- Exercise requirements -
Repeat the data in full. Drop every picture.

- Raw data -
__________
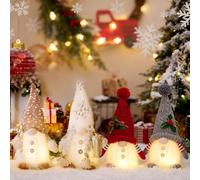 Lotvic Christmas Gonks, 4 PCS Light Up Gnome Decorations, Christmas Light Up Ornaments, Handmade Plush Gnome Lights, Light-up Gonk for Indoor Holiday Party Decorations (4 Pcs)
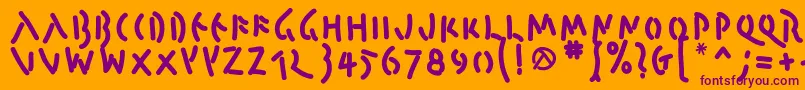 PompejiBlack Font – Purple Fonts on Orange Background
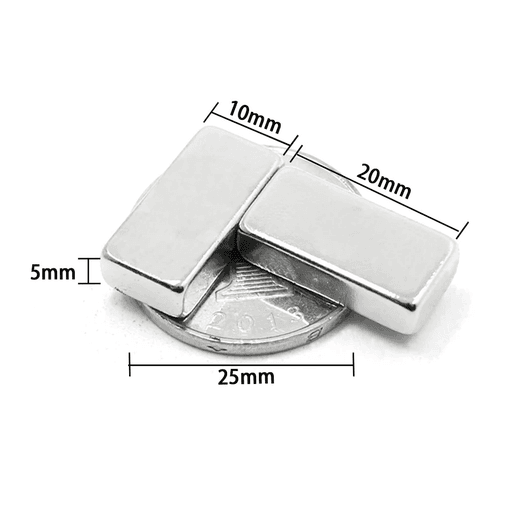 2 Adet 20x10x5 mm Neodyum Magnet N35 Güçlü Mıknatıs Köşeli ve Dayanıklı Nikel Kaplama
__________
- Answer to this task -
 Lotvic Christmas Gonks, 4 PCS Light Up Gnome Decorations, Christmas Light Up Ornaments, Handmade Plush Gnome Lights, Light-up Gonk for Indoor Holiday Party Decorations (4 Pcs)
 PompejiBlack Font – Purple Fonts on Orange Background
 2 Adet 20x10x5 mm Neodyum Magnet N35 Güçlü Mıknatıs Köşeli ve Dayanıklı Nikel Kaplama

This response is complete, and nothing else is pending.